The newly issued shares are subject to a lock-up agreement and cannot be sold until BioLargo reports at least $40 million in consolidated gross revenue for any period, or its market capitalization exceeds $300 million, or there is a change in control. Following this transaction, the reporting person beneficially owns 10,393,403 shares in total, including 1,528,695 shares held indirectly through a limited liability company.
BioLargo (BLGO) reported a sharply weaker Q3 2025 as a major customer default triggered a large credit loss. Revenue was $1.103 million versus $4.351 million a year ago, with gross profit of $372,000. Operating expenses rose to $7.552 million, including a $3.849 million credit loss expense tied to impaired receivables and a note from a customer following contract and payment disputes now in litigation.

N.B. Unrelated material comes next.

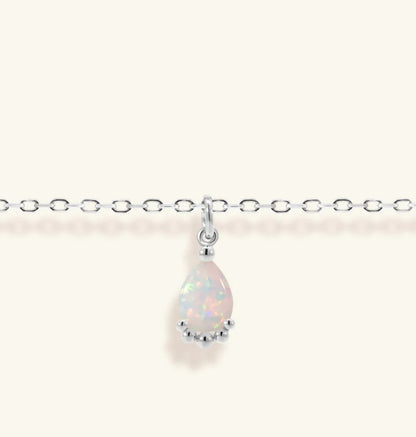 Junipurr Viera adjustable gold bracelet with a 6mm × 8mm synthetic opal, product view.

The quarter’s net loss was $7.244 million (vs. $1.060 million). Year to date, revenue was $7.148 million and net loss $11.047 million. Cash and equivalents were $4.546 million with current assets of $5.775 million and current liabilities of $3.451 million, yielding working capital of $2.324 million. The company stated that gross profits for 2025 will not fund operations and raised “substantial doubt” about its ability to continue as a going concern without additional revenue or financing.
Customer concentration remained high, with one customer representing 35% of Q3 revenue and 64% year to date. Cash from financing activities totaled $7.269 million for the first nine months, while operating cash used was $6.707 million. Shares outstanding were 313,762,657 as of November 12, 2025.